What you have to do: Output exactly the lines from the line with "Personalized Construction Baby" through the end of the records below. Include nothing else.

Short descriptive text snippets:
= Beginning of Section =
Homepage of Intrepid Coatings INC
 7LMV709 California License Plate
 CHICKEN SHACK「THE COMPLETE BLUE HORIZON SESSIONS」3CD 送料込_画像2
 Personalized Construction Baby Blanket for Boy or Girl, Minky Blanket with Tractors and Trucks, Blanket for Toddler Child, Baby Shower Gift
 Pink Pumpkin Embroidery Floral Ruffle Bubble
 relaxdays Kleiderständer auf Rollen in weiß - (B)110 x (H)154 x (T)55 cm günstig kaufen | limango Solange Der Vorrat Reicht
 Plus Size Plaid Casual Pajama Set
= End of Section =
Completed exercise:
 Personalized Construction Baby Blanket for Boy or Girl, Minky Blanket with Tractors and Trucks, Blanket for Toddler Child, Baby Shower Gift
 Pink Pumpkin Embroidery Floral Ruffle Bubble
 relaxdays Kleiderständer auf Rollen in weiß - (B)110 x (H)154 x (T)55 cm günstig kaufen | limango Solange Der Vorrat Reicht
 Plus Size Plaid Casual Pajama Set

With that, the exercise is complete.